Awesome Papers: 2016-12-4

Deep Reinforcement Learning with Averaged Target DQN

Oron Anschel, Nir Baram, Nahum Shimkin

The commonly used Q-learning algorithm combined with function approximation induces systematic overestimations of state-action values. These systematic errors might cause instability, poor performance and sometimes divergence of learning. In this work, we present the Averaged Target DQN (ADQN) algorithm, an adaptation to the DQN class of algorithms which uses a weighted average over past learned networks to reduce generalization noise variance. As a consequence, this leads to reduced overestimations, more stable learning process and improved performance. Additionally, we analyze ADQN variance reduction along trajectories and demonstrate the performance of ADQN on a toy Gridworld problem, as well as on several of the Atari 2600 games from the Arcade Learning Environment.

有平均目标DQN的深度强化学习

通常使用的Q学习算法与函数近似相结合诱导了对状态动作值的系统高估。这些系统性错误可能导致不稳定、性能不佳,有时还会有学习分歧。在这次研究中,我们提出平均目标DQN(ADQN)算法——一个适应DQN类的算法,使用加权平均过去学习的网络,来减少广义噪声方差。结果会导致减少高估、更稳定的学习过程和改进的性能。此外,我们还分析了沿轨迹的ADQN方差减少,并证明ADQN对玩具Gridworld问题的性能,以及来自Arcade学习环境的几个Atari 2600游戏。

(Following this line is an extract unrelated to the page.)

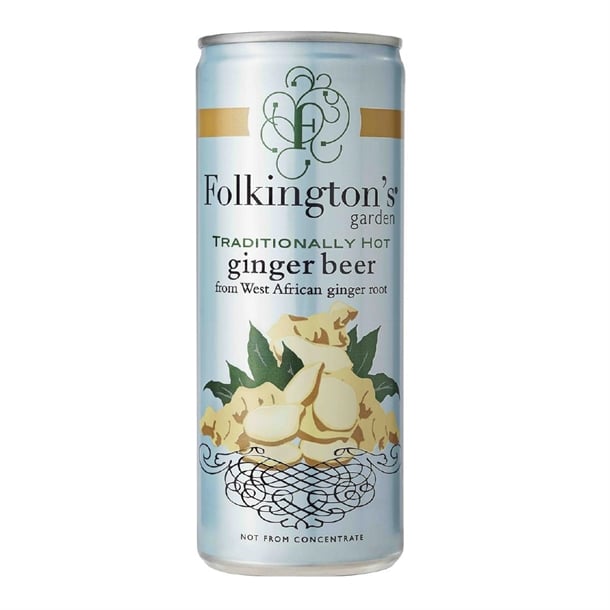 Folkington's Sparkling Drinks Ginger Beer Can 250ml (12 Pack) fu467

Safe and Efficient Off-Policy Reinforcement Learning

Rémi Munos, Tom Stepleton, Anna Harutyunyan, Marc G. Bellemare

In this work, we take a fresh look at some old and new algorithms for off-policy, return-based reinforcement learning. Expressing these in a common form, we derive a novel algorithm, Retrace(λ), with three desired properties: (1) it has low variance; (2) it safely uses samples collected from any behaviour policy, whatever its degree of “off-policyness”; and (3) it is efficient as it makes the best use of samples collected from near on-policy behavior policies. We analyze the contractive nature of the related operator under both off-policy policy evaluation and control settings and derive online sample-based algorithms. We believe this is the first return-based off-policy control algorithm converging a.s. to Q∗ without the GLIE assumption (Greedy in the Limit with Infinite Exploration). As a corollary, we prove the convergence of Watkins’ Q(λ), which was an open problem since 1989. We illustrate the benefits of Retrace(λ) on a standard suite of Atari 2600 games.

安全有效的离策略强化学习

在这次研究中,我们重新考虑了一些旧的和新的算法,用于离策略、基于回报的强化学习。用一个共同的形式表现这些,我们导出一个新的算法,Retrace(λ),它具有三个期望的属性:(1)它具有低方差;(2)它安全地使用从任何行为策略收集的样本,无论其“违规”程度如何;(3)它是高效的,因为它很好地利用从近在策略行为策略收集的样本。我们在离策略策略评估和控制设置下分析相关运算符的收缩性质,并得出基于样本的在线算法。我们认为这是第一个基于回报的离策略控制算法收敛a.s.到Q *,没有GLIE假设(贪婪在无限探索的极限)。作为推论,我们证明了Watkins的Q(λ)的收敛,这是1989年以来的一个开放问题。我们解释了Retrace(λ)对Atari 2600游戏的标准套件的好处。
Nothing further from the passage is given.